The news team is still there. Only one van stayed. My mom says they want to talk to me, and they have a camera with a bright light. The guy has the whitest teeth I’ve ever seen, whiter than my boots. He asks me about our search and I open my mouth to answer but he winces. Can you step three feet to the right? We need to fake a crowd. It’s just better that way.
* * *
—
At home I bury my boots in the back of my closet near my old dance recital costumes. I soak my feet in the bathtub and think about all those stupid things I said to the TV man. They asked me to talk to Jon in case he can hear me and I looked into the camera and smiled.
“Jon,” I said. “One thing you don’t have to worry about is the Telegraph. I’m saving them all for you, even the circulars and the coupons. And of course I have the comics.”
I smiled. As if I was so afraid for people to know how sad I am. As if crying is something I can only do here, in the bathtub over my poor bloody ankles. When I get out and go back to my room, I can tell my mother was there. There’s a brand-new box of Band-Aids on my bed. She’s folded over the sheets like she did when I was little.
There are no more tears left in me right now, and I pick up my phone but I don’t have many pictures of Jon. He hated having his picture taken.
Hates.
I sneak down the hall to my mother’s office and steal one of her yellow legal pads. Back in my room, I lock my door. I hide under the covers with a flashlight. I try to draw his face. To re-create it right here, to make it as close to the real t
hing as possible, the same size, a head only slightly bigger than my own. I can see him in my mind, the feeling in his eyes. But I can’t make it, I’m not good enough with a pencil, a pen. My bloody ankles don’t hold a candle to this frustration, the boiling rage inside of me when I review my pathetic scratches on the tear-soaked yellow paper. My drawings don’t match the inside of my mind, my heart.

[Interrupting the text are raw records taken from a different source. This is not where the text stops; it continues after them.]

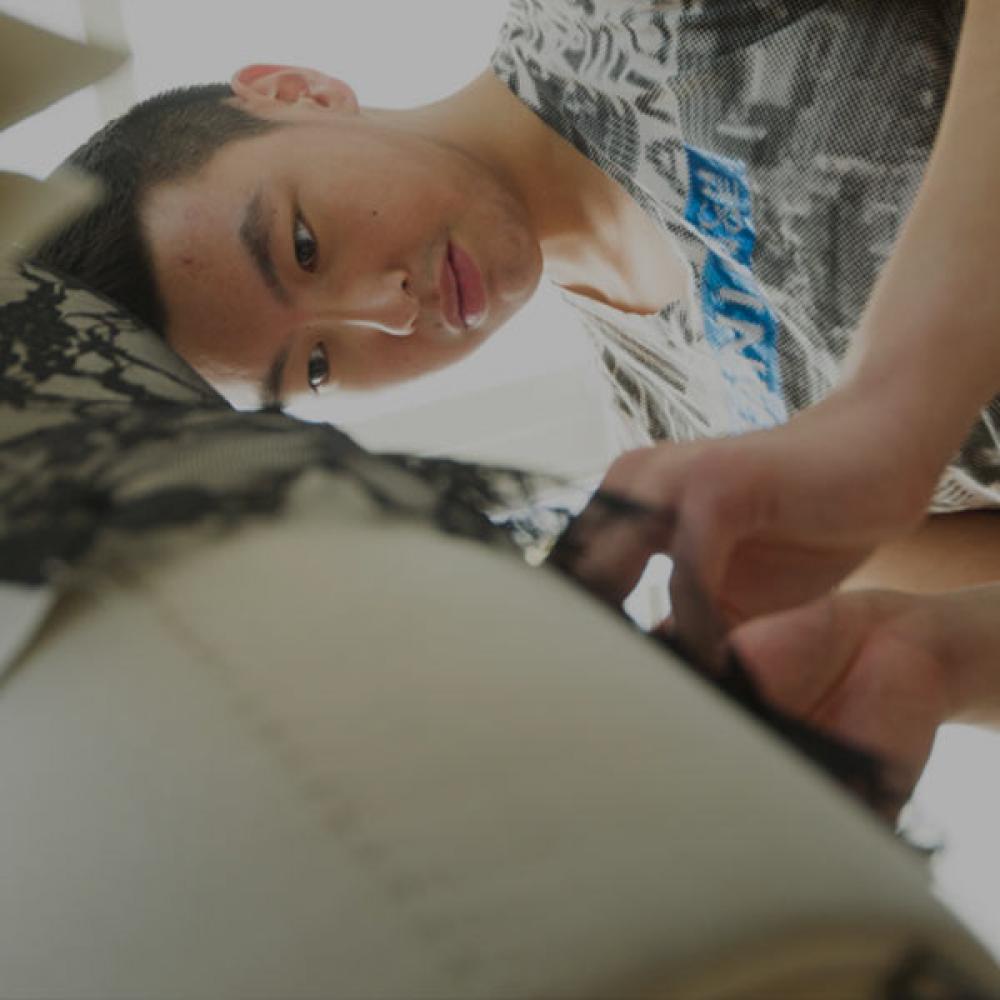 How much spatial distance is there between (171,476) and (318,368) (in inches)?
26.0

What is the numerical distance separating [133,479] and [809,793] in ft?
0.59

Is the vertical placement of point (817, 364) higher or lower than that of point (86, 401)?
lower

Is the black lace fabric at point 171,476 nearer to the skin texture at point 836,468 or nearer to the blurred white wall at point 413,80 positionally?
the skin texture at point 836,468

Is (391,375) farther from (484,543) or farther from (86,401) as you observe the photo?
(484,543)

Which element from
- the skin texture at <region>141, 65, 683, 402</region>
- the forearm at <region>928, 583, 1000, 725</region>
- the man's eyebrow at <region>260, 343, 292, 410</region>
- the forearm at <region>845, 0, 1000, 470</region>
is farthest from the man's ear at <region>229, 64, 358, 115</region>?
the forearm at <region>928, 583, 1000, 725</region>

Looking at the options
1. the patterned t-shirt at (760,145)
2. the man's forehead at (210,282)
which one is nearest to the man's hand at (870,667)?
the patterned t-shirt at (760,145)

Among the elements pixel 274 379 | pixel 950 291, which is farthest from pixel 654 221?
pixel 950 291

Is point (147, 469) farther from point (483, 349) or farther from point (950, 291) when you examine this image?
point (483, 349)

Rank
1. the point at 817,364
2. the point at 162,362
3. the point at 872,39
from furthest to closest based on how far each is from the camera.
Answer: the point at 817,364
the point at 872,39
the point at 162,362

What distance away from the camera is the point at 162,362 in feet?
1.50

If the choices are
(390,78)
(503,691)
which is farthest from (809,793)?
(390,78)

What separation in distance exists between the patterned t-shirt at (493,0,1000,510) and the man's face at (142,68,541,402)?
0.12 meters

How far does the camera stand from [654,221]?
0.93 m

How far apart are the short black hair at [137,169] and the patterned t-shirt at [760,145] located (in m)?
0.26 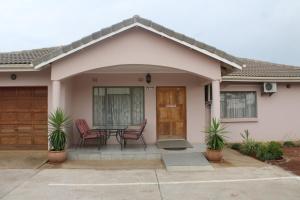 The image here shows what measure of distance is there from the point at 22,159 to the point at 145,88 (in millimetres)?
5263

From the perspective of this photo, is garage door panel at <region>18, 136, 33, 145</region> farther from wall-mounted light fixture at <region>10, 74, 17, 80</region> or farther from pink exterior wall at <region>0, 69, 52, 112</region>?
wall-mounted light fixture at <region>10, 74, 17, 80</region>

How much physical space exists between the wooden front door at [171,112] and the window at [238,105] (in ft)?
7.94

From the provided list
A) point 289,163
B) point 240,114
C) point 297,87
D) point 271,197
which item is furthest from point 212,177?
point 297,87

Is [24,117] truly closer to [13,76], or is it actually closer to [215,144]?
[13,76]

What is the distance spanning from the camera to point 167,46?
11750 millimetres

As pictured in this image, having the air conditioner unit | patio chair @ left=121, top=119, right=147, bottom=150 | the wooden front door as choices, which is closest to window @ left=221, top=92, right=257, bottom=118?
the air conditioner unit

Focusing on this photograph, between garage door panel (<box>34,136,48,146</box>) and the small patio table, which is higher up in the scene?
the small patio table

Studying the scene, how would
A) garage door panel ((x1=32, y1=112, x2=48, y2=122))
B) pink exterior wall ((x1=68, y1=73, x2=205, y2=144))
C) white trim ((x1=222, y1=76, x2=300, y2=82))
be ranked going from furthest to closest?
white trim ((x1=222, y1=76, x2=300, y2=82)) < pink exterior wall ((x1=68, y1=73, x2=205, y2=144)) < garage door panel ((x1=32, y1=112, x2=48, y2=122))

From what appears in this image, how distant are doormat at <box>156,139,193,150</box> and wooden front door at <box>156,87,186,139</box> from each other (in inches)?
16.0

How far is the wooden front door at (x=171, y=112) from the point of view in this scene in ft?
47.1

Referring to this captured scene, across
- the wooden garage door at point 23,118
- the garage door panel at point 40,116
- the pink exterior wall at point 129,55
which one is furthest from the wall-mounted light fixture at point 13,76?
the pink exterior wall at point 129,55

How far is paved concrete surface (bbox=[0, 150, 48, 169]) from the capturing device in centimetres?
1070

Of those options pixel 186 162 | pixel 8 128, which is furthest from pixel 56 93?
pixel 186 162

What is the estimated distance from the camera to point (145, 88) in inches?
561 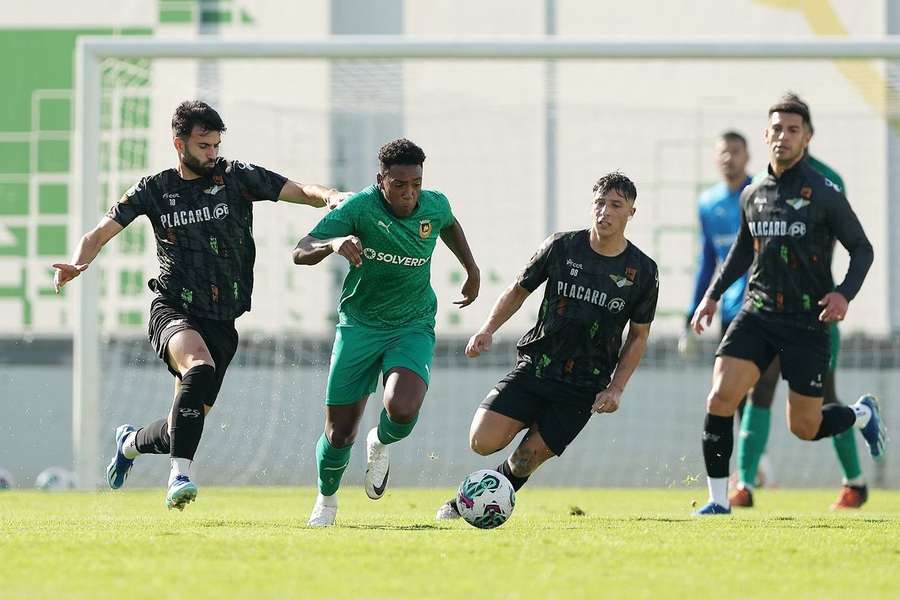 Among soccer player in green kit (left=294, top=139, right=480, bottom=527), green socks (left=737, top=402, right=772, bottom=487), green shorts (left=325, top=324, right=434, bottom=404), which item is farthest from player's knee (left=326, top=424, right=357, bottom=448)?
green socks (left=737, top=402, right=772, bottom=487)

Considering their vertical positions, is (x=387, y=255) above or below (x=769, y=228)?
below

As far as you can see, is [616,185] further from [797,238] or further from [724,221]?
[724,221]

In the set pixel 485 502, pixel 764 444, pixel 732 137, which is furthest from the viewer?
pixel 732 137

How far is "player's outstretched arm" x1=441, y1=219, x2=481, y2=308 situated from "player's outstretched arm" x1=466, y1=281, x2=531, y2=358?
169mm

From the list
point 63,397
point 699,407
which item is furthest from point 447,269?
point 63,397

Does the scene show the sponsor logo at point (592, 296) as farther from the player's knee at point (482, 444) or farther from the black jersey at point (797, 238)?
the black jersey at point (797, 238)

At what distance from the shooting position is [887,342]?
13.5 m

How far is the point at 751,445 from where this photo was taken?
9.30 meters

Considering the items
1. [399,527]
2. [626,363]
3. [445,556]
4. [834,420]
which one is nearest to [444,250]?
[834,420]

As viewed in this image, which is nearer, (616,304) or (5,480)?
(616,304)

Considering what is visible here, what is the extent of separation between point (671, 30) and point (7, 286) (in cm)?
920

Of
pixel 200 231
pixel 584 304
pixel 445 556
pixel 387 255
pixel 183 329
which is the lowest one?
pixel 445 556

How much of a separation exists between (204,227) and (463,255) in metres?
1.33

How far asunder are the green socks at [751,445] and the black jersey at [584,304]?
216 cm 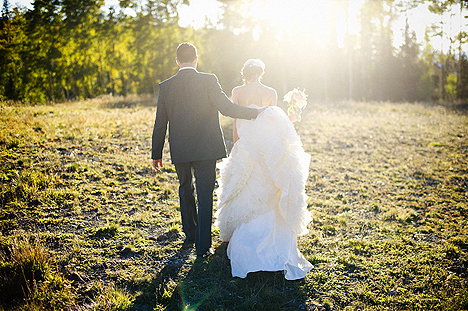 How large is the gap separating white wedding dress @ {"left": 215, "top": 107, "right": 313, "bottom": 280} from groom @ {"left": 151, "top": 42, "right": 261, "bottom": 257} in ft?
0.86

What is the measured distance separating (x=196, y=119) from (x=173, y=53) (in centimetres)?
2339

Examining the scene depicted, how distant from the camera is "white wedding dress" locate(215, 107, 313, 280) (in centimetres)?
354

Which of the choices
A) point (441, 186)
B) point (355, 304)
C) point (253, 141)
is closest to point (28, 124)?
point (253, 141)

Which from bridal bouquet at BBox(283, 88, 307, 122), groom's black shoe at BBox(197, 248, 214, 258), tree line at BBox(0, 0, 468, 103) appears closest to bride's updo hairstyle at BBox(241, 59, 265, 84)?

The next day there’s a brand-new callus on my finger. I stroke it with my thumb. It’s soothing and I want it to deepen. I don’t get out of bed to get ready for school. I pick up the legal pad and start drawing again.
CHLOE
I get up extra early every morning to draw Jon’s initials on my neck or my collarbone or my wrist and then I go outside, I pick up the Telegraph and pull it out of the plastic sleeve and smooth it out before I add it to the stack in my room. My parents don’t like any of it, the papers, the fake tattoo. I wish I could get a real one. I want a permanent mark on my body. I hate the way people are already forgetting that he was here.
I want people to know that I miss him, that I love him, that it’s wrong to carry on. They didn’t shed a tear for Jon—shed—and every day I try to make them all squirm. I chopped my hair into jagged, uneven strips. I stopped shaving my legs, my armpits. I wear chunky black eyeliner and these stiff, bell-bottom fireproof jeans. The day those jeans arrived, my mom pulled at her hair. None of this will bring him back.
I hate when people say that. Obviously I know this won’t bring him back. I realize that cutting my hair won’t alter the course of the universe. But I do these things because if and when he does come back, he’s going to see how much I miss him. It’s all proof. He will gasp, Chloe, is that you? I want to look like a different person because I am a different person. And when we hug, I’ll be that person that feels like home again, that person I was with him, that person I can’t seem to be without him. I bought the fluff book. I can’t get into it, it’s not the same without his take on it, all fired up.